Born on April 04, 1991 to Dr Richard and Mrs Lydia Watuulo in Mbale District, Watuulo attended Nabumali Primary School.

“While in Primary Two I joined the choir. Then I went from singing to playing the xylophone, which was my favourite childhood instrument. I loved music so much that I failed a class because I attended all the practices, and participated in all concerts and competitions at the expense of my academics,” he said.

“However, I became an asset to my school because I always won competitions. At home, we were blessed with a neighbour that taught piano so in Primary Five, I took up piano lessons.”

He said that during his O-level studies at Nabumali High School, his passion for musical instruments grew.

“As fate would have it, the school purchased music instruments the year I joined. A condition was set that for one to be in charge of the instruments, one had to be born-again. Driven by my obsession, I became born-again and was put in charge.” 

“Being born-again did not mean anything to me, it was only a ticket to access and play instruments anytime. However, God had a better plan of transforming and molding me into a minister that would serve His people in spirit and in truth. Later when the Anglican Youth Fellowship (AYF) Band visited our school, I made a true confession to salvation.”

Watuulo says that when he joined Mengo Senior School, his hero status was challenged by those who played the musical instruments much better than he did.
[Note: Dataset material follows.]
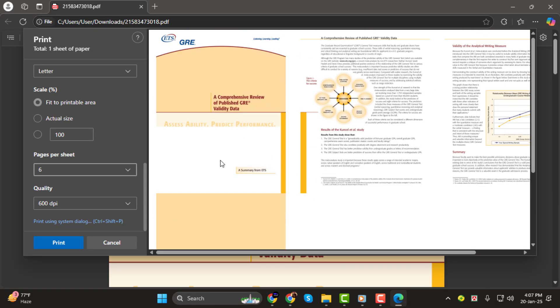Step 3. Once you've selected the desired number of pages per sheet, click Print to finish the process, and your printer will print the pages as configured.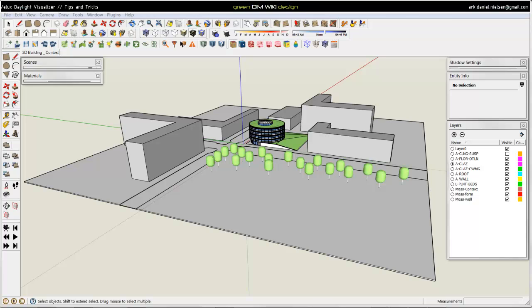In this tutorial, I will show some tips and tricks for exporting models from SketchUp to VELUX Daylight Visualizer for simulation of daylight.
“I got jealous and decided to join them and learn how to play like they did and better. Our trainer, Daniel Sempereza who was the music director at UCU then, noticed me in high school and connected me to the UCU band while I was studying in Senior Six. So by the time I joined UCU I had the confidence and connections.”

Exposure to the band enabled him to play professionally and he was equipped with the discipline of playing for ministry.

“Soon I was training whoever was interested in learning how to play instruments. Very many high class people call me to train their children and these relationships have humbled me. Alongside other duties, I am working with Pastor Wilson Bugembe; and I am daily encouraged to do what I love.”

Watuulo said that his dream is to reach greater heights and even play with Israel Houghton.

He added that he enjoys playing the keyboard, organ, bass guitar, acoustic guitar, recorder, the xylophone and drums, but the piano is his favourite.

“When I sit down to play the piano, I get lost in awe. The accomplishment is due to both skill, and anointing. When going into battle, you have to be prepared, thus the way one plays an instrument for ministry should not be the same way that one plays in a club or bar. People come to church with different problems, and your skill should enable them receive healing and relaxation.” 

Playing instruments has helped Watuulo raise capital for another business: setting up a video game centre. He set up a video game station in Mukono, which accommodates 12 people. His goal is to raise this to 50 or 100 play stations.

His future plans include starting a band and setting up a professional music studio.

“Currently though, I perform in churches, functions and parties with the Elgon Groove Band. But I will not stop until I get to where I want to be.